| Your goal |
Please give back, exactly as written, the lines from the line with "The install ADDS" to the line with "Park Assist Sensor Membrane" in the listing below, leaving out all pictures.
-- Exercise inputs follows --
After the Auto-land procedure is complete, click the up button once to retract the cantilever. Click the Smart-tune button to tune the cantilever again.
-- Exercise inputs concluded --
-- Exercise inputs follows --
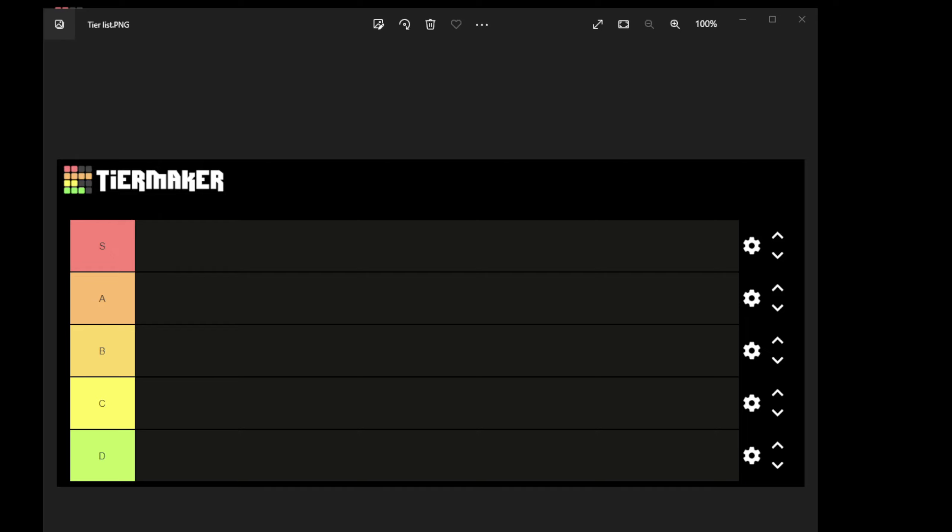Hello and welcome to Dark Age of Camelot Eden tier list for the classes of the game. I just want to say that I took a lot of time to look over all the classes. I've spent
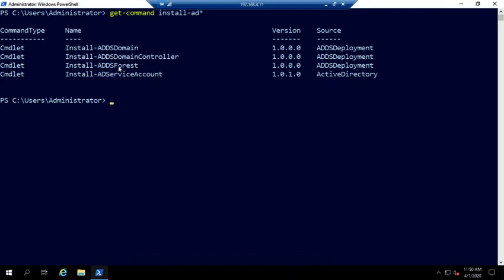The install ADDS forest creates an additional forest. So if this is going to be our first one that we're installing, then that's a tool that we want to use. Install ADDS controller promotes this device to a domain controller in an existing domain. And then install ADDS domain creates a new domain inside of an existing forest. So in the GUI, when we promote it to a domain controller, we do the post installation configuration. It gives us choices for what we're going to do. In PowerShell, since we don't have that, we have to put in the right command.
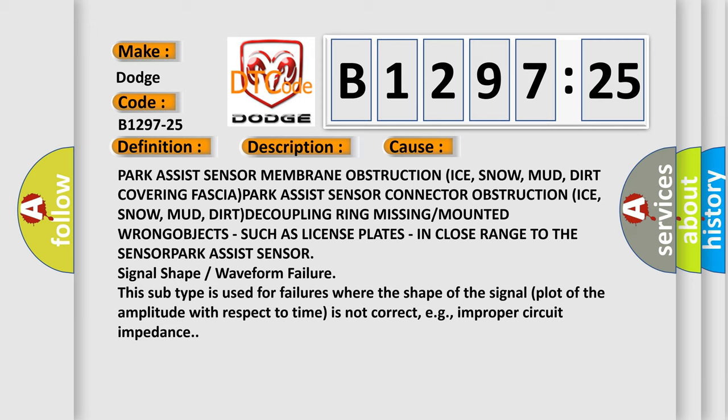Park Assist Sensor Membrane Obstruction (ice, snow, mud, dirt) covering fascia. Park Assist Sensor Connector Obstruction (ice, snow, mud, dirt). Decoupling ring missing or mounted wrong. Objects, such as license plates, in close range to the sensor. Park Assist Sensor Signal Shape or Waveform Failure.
-- Exercise inputs concluded --
| Solution for this exercise |
The install ADDS forest creates an additional forest. So if this is going to be our first one that we're installing, then that's a tool that we want to use. Install ADDS controller promotes this device to a domain controller in an existing domain. And then install ADDS domain creates a new domain inside of an existing forest. So in the GUI, when we promote it to a domain controller, we do the post installation configuration. It gives us choices for what we're going to do. In PowerShell, since we don't have that, we have to put in the right command.
Park Assist Sensor Membrane Obstruction (ice, snow, mud, dirt) covering fascia. Park Assist Sensor Connector Obstruction (ice, snow, mud, dirt). Decoupling ring missing or mounted wrong. Objects, such as license plates, in close range to the sensor. Park Assist Sensor Signal Shape or Waveform Failure.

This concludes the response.